# What you will do
Could you please output only the lines from the one holding "传奇私服的奇幻之旅,173游戏网的探索之旅" through the end of the listing below, exactly as written and without pictures?

# Data for the task
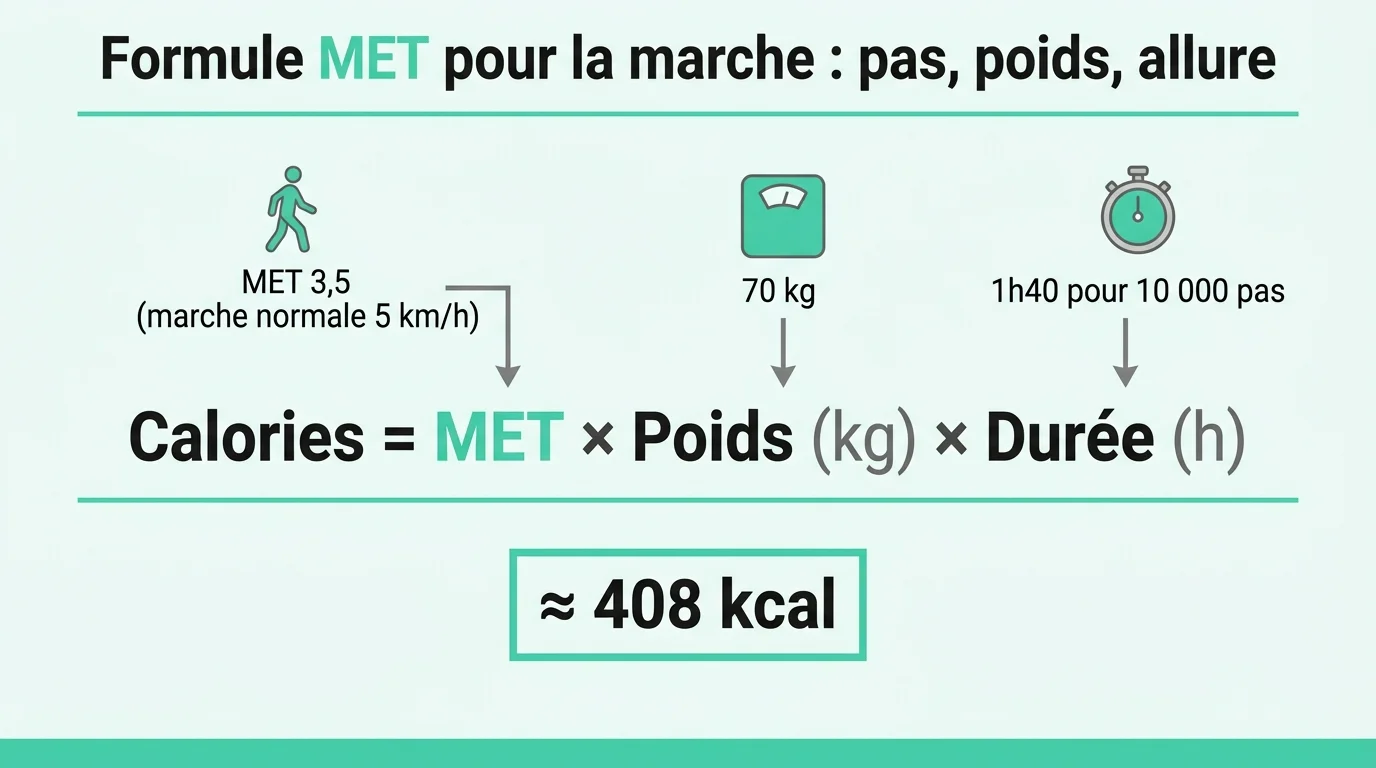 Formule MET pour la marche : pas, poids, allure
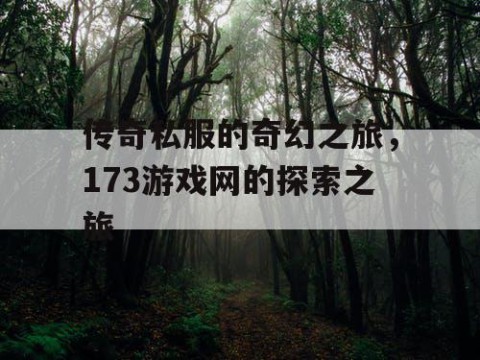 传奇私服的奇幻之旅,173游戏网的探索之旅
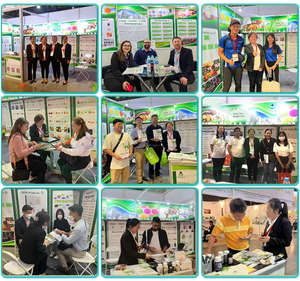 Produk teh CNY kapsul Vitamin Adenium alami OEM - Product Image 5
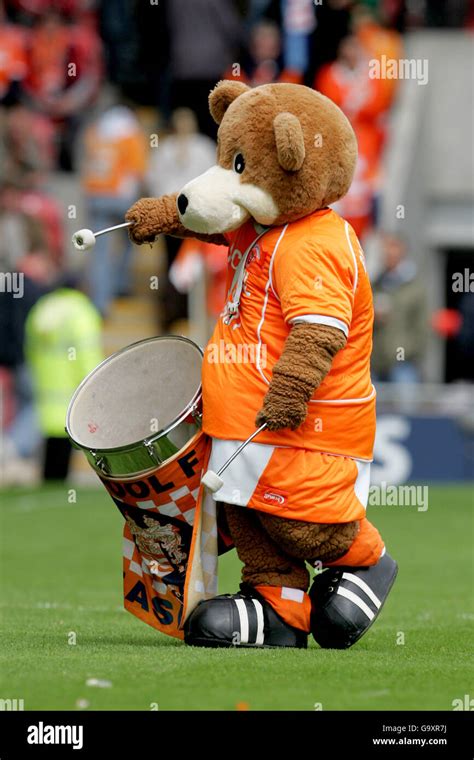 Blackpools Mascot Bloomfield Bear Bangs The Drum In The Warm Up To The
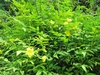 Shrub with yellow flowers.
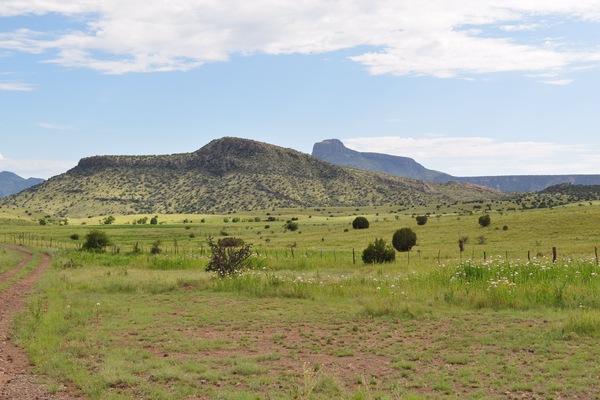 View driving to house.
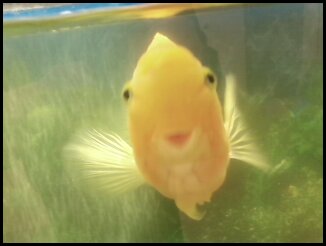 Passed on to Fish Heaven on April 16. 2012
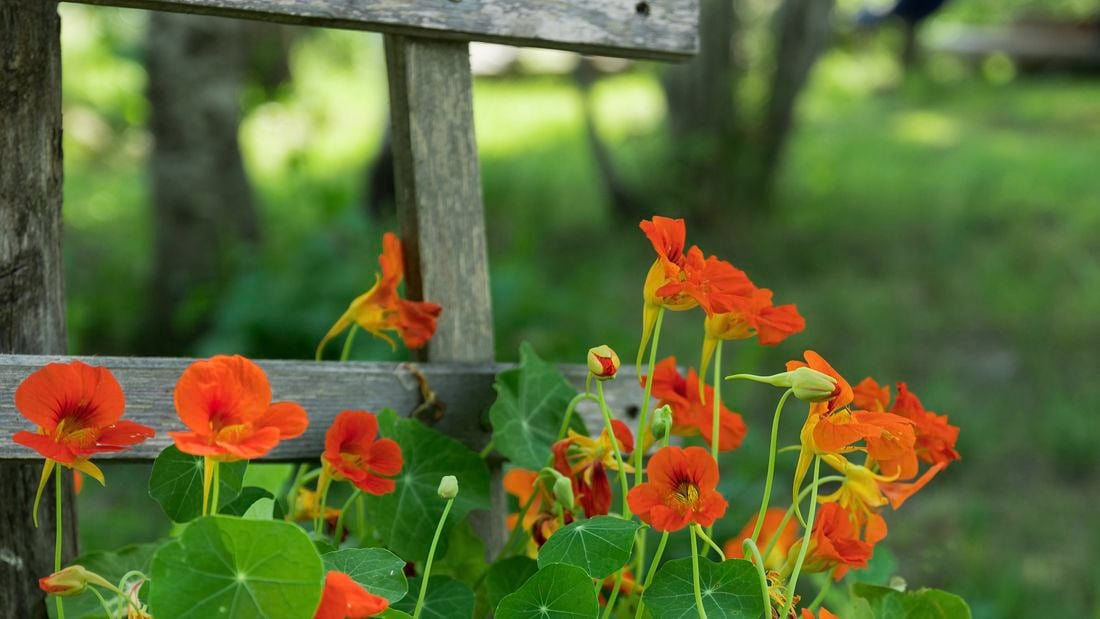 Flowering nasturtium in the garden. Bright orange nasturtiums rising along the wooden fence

# Task result
 传奇私服的奇幻之旅,173游戏网的探索之旅
 Produk teh CNY kapsul Vitamin Adenium alami OEM - Product Image 5
 Blackpools Mascot Bloomfield Bear Bangs The Drum In The Warm Up To The
 Shrub with yellow flowers.
 View driving to house.
 Passed on to Fish Heaven on April 16. 2012
 Flowering nasturtium in the garden. Bright orange nasturtiums rising along the wooden fence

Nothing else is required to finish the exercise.